Dataset entries:
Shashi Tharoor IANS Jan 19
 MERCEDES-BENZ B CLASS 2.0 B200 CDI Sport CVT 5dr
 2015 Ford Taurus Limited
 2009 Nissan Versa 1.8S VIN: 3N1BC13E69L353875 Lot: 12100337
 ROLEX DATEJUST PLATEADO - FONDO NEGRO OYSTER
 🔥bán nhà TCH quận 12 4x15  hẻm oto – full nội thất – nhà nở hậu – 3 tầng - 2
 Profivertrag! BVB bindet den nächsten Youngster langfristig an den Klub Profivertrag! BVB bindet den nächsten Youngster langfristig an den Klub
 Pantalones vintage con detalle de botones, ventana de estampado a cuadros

TASK INSTRUCTIONS:
Emit only the final stretch of the records: the line containing "MERCEDES-BENZ B CLASS" through the end, each line exactly as it stands.

OUTPUT FOR THIS TASK:
 MERCEDES-BENZ B CLASS 2.0 B200 CDI Sport CVT 5dr
 2015 Ford Taurus Limited
 2009 Nissan Versa 1.8S VIN: 3N1BC13E69L353875 Lot: 12100337
 ROLEX DATEJUST PLATEADO - FONDO NEGRO OYSTER
 🔥bán nhà TCH quận 12 4x15  hẻm oto – full nội thất – nhà nở hậu – 3 tầng - 2
 Profivertrag! BVB bindet den nächsten Youngster langfristig an den Klub Profivertrag! BVB bindet den nächsten Youngster langfristig an den Klub
 Pantalones vintage con detalle de botones, ventana de estampado a cuadros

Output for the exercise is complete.